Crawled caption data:

━━━━━━━━━━

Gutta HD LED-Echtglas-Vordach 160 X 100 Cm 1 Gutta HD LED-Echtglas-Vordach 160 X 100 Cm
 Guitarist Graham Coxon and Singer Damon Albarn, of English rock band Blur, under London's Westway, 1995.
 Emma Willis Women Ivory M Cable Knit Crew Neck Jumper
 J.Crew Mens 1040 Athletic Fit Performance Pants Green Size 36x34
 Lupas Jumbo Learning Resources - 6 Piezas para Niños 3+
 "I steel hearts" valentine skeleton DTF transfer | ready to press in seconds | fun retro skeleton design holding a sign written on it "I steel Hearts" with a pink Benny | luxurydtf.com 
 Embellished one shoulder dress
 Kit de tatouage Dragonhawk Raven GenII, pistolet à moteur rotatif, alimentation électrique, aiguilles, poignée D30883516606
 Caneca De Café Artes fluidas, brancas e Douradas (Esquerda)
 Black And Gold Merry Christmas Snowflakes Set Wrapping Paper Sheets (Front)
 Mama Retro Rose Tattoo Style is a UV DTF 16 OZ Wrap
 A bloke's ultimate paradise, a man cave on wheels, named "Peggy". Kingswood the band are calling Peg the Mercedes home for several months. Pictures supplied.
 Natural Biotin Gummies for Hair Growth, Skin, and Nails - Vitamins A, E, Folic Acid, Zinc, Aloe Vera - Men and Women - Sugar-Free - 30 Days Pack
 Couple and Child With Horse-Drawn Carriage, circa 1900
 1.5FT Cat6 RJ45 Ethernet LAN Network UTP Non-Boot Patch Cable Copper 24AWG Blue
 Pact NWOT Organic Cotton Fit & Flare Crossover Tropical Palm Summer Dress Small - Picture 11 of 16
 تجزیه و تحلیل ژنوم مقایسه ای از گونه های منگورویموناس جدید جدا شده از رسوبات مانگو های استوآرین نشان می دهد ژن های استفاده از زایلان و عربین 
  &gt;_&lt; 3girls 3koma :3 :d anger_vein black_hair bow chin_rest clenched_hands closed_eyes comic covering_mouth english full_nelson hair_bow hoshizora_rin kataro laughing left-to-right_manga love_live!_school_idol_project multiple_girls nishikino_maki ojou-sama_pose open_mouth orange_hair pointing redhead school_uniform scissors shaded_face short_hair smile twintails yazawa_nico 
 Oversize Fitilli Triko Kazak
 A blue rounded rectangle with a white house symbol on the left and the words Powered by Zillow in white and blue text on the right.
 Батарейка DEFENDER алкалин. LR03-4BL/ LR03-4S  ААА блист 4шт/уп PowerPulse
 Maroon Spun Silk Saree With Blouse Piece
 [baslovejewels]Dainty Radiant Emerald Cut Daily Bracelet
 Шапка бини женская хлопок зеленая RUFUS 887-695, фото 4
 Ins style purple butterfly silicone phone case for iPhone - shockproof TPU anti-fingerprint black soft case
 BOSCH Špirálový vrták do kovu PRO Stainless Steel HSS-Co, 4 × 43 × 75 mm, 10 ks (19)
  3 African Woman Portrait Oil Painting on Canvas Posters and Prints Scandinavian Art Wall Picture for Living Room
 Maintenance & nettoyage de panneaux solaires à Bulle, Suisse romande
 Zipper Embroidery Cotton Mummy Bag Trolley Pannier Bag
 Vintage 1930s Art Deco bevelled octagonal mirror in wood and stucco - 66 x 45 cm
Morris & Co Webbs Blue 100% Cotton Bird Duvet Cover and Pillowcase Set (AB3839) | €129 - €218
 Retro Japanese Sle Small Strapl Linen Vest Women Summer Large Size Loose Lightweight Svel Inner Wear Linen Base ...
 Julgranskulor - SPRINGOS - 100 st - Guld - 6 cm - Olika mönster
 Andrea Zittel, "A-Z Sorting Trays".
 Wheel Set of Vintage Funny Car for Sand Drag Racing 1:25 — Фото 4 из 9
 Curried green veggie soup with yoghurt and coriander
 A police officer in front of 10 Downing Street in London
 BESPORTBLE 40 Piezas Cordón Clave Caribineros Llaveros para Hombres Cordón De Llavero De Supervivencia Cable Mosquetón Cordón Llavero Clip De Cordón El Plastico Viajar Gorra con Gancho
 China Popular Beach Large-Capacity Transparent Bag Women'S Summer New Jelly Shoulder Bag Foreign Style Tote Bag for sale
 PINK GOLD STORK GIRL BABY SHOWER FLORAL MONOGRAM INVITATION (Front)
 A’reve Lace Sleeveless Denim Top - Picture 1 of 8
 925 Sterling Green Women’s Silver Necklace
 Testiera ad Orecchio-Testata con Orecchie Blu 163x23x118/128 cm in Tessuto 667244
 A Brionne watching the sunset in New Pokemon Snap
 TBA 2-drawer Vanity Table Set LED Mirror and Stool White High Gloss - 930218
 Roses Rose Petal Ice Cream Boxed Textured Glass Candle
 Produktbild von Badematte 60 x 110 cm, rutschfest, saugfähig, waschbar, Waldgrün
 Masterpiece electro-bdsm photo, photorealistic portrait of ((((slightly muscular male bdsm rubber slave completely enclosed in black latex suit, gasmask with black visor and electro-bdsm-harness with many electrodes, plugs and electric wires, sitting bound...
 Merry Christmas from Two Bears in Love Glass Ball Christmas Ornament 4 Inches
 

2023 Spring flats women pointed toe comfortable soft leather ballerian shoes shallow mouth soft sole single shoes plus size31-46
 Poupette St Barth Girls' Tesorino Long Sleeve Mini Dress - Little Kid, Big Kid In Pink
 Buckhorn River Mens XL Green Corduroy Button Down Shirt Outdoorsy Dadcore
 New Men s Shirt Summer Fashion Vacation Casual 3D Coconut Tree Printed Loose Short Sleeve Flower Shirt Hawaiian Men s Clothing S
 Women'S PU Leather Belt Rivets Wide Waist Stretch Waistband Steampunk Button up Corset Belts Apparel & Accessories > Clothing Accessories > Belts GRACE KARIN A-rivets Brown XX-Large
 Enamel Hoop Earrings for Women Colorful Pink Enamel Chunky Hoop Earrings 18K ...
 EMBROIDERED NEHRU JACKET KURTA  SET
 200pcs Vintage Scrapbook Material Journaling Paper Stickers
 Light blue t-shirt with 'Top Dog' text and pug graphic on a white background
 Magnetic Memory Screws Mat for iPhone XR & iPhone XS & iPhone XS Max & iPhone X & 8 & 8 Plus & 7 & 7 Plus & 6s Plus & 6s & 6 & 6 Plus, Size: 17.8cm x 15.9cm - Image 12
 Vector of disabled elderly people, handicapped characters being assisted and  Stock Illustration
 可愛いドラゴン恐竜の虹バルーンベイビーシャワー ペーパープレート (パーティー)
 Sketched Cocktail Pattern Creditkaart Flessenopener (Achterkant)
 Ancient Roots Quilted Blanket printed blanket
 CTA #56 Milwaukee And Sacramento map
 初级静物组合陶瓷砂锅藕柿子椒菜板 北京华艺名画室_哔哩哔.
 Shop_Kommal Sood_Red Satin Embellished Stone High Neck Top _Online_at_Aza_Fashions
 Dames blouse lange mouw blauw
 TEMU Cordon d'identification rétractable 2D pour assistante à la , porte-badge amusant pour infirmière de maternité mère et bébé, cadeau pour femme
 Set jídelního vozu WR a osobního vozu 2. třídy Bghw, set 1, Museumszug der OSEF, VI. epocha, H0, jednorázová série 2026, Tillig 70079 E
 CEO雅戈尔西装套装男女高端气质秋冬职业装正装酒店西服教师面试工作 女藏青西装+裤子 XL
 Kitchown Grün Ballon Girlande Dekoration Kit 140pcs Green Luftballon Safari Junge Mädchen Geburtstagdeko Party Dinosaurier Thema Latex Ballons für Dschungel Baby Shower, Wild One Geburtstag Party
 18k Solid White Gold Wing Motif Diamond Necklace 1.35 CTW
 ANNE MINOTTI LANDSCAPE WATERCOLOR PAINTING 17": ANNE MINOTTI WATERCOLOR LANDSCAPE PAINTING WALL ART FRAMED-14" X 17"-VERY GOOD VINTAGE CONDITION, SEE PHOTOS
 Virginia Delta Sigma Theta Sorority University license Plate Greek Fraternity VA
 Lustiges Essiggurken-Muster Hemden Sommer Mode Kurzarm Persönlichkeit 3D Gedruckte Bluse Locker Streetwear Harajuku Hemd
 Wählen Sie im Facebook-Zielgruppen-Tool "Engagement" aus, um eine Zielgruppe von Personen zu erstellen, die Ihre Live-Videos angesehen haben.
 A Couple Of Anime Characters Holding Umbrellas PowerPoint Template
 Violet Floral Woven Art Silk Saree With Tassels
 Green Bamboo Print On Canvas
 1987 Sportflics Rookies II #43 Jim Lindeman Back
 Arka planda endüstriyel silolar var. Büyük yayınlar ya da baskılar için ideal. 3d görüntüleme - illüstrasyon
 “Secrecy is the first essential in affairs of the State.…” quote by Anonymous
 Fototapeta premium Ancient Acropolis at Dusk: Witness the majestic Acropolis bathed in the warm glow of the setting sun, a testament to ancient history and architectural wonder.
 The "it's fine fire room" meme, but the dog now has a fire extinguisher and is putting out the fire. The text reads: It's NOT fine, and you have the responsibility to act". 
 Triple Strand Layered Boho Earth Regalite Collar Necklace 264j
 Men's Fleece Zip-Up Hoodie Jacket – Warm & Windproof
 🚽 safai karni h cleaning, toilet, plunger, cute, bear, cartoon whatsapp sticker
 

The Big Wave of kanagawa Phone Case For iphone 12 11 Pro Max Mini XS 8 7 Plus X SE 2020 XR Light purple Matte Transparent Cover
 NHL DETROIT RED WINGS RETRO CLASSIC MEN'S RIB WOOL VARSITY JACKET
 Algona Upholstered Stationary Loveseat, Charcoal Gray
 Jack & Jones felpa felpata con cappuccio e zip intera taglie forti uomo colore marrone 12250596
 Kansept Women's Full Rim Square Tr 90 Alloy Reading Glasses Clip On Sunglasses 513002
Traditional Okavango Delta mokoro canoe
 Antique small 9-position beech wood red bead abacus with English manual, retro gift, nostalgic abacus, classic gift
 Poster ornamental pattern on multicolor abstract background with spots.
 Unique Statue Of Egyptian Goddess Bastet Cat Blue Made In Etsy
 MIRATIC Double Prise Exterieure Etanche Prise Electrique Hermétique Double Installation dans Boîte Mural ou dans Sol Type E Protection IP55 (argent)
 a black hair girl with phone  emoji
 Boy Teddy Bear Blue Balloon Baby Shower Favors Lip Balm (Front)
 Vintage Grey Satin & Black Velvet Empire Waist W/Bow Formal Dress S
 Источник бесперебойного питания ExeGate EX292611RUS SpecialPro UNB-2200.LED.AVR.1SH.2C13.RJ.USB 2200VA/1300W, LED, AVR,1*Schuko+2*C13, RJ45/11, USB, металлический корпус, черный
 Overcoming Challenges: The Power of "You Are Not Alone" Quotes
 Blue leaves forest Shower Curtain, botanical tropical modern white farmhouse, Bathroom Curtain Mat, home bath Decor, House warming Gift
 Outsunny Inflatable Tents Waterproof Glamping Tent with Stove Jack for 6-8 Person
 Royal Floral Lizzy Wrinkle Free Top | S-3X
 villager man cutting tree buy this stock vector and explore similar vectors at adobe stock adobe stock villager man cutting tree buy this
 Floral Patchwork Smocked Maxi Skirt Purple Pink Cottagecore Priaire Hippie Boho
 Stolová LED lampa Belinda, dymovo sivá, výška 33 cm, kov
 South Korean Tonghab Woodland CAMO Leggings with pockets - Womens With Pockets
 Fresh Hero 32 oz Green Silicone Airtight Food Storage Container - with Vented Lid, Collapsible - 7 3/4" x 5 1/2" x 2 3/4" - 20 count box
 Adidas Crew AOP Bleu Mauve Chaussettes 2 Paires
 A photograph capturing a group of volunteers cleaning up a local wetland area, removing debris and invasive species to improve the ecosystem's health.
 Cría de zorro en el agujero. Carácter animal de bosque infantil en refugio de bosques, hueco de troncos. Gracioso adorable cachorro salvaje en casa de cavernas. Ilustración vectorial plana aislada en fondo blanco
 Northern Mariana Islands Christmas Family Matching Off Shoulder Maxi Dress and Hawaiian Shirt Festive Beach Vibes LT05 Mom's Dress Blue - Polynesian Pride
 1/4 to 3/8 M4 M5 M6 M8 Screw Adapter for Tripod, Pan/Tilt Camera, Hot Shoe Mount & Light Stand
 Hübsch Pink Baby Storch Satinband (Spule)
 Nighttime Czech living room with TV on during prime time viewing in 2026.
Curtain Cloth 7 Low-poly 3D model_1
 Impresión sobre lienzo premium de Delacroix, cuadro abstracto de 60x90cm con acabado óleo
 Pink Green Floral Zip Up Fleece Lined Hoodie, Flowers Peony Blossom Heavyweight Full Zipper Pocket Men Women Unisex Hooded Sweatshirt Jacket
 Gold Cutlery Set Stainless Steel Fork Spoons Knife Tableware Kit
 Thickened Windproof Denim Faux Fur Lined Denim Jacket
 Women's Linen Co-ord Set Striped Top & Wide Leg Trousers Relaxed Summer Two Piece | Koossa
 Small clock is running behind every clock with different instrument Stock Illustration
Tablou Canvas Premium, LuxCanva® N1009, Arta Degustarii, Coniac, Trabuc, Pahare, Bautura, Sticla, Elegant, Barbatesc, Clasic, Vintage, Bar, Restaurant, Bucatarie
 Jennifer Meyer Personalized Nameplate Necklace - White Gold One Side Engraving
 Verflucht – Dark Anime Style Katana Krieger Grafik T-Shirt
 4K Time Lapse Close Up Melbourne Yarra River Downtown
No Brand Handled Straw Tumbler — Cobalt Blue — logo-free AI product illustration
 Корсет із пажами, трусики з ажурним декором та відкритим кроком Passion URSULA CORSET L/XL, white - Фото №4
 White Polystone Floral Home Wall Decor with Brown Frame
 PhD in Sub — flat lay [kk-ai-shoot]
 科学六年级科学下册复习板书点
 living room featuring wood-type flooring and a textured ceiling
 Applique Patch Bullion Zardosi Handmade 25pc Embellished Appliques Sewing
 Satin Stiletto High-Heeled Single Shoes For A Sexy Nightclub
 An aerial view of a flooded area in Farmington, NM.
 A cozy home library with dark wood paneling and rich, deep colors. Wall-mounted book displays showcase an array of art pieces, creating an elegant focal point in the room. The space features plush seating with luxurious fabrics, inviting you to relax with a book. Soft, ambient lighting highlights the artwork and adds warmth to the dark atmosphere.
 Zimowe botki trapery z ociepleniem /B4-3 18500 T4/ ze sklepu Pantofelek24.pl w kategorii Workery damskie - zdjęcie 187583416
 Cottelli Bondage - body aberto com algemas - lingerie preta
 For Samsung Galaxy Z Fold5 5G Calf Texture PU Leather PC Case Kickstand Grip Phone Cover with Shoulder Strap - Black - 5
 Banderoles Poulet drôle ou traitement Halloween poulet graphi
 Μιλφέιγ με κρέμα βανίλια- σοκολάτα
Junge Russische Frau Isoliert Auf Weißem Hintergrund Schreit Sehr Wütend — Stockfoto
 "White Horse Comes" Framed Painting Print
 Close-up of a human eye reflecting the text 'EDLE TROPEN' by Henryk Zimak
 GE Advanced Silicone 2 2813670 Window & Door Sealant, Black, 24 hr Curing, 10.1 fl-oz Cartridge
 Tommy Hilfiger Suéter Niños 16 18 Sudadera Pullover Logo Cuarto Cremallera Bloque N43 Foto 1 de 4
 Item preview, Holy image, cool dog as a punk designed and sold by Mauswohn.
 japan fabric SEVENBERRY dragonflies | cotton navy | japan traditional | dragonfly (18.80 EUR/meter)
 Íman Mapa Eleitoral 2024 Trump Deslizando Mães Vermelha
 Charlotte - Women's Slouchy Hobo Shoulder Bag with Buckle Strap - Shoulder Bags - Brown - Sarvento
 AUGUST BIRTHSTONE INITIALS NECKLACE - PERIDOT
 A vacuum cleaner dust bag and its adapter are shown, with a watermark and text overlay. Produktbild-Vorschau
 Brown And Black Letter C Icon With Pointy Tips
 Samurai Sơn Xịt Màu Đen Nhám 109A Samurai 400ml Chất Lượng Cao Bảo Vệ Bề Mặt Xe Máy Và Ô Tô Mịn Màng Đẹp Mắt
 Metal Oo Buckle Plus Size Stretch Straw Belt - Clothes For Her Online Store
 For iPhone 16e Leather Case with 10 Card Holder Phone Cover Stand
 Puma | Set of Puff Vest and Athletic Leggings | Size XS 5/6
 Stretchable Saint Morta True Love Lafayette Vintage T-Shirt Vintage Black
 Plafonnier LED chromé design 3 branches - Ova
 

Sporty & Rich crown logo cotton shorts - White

━━━━━━━━━━

▸ The task
Only those lines of the entries above that run from the line containing "PhD in Sub — flat lay [kk-ai-shoot]" to the line containing "Applique Patch Bullion", both included, should be transcribed exactly.

▸ Answer below
 PhD in Sub — flat lay [kk-ai-shoot]
 科学六年级科学下册复习板书点
 living room featuring wood-type flooring and a textured ceiling
 Applique Patch Bullion Zardosi Handmade 25pc Embellished Appliques Sewing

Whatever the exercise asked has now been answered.